On Tue, Jun 25, 2019 at 5:49 PM Christopher Di Bella via SG20 <sg20@lists.isocpp.org> wrote:

Are there any practical reasons for reduce(begin(v), end(v), 0, plus{}) to permit out-of-order computation? For example, is this allowed as an implementation?

```
template<class InputIterator, class T, class BOp>
T reduce(InputIterator first, InputIterator last, T init, BOp bop)
{
   #if NDEBUG
      return reduce(execution::par_unseq, first, last, init, bop);
   #else
return accumulate(first, last, init, bop);
   #endif // NDEBUG
}
```

My understanding is that it isn't allowed.

What the standard mentions explicitly is:

[ Note

The difference between reduce and accumulate is that reduce applies binary_op in an unspecified order, which yields a nondeterministic result for non-associative or non-commutative binary_op such as floating-point addition.

— end note

]

http://eel.is/c++draft/reduce#8

So this is equivalent to passing `std::execution::seq`, which allows invocations that are "indeterminately sequenced". This is different than `accumulate`, which is guaranteed to perform a left fold.
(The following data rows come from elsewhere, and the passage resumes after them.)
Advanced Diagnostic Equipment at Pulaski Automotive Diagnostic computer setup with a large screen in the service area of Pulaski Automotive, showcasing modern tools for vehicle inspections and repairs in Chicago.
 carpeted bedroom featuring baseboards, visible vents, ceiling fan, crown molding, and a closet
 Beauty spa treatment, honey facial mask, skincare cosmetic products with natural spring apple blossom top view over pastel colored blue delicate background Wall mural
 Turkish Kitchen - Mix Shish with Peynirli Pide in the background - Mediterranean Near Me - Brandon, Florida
If either question can be answered with "yes", then forgetting accumulate is a non-starter,

I'd think the question should go the opposite direction:

What are the reasons to *forbid* out-of-order computation (which is the only reason to keep having accumulate around)?

The numerical algorithms are intended for numerical usages.

Maybe using a numerical type that isn't associative or isn't commutative is a task that shouldn't be done by a generic algorithm anyway?

Using other types (e.g. `std::string`; its operator+ isn't commutative of course) is not what the algorithm was designed for (this is why it is in `numeric` instead of `algorithm`) so maybe we are fine with disallowing such a usage going forward.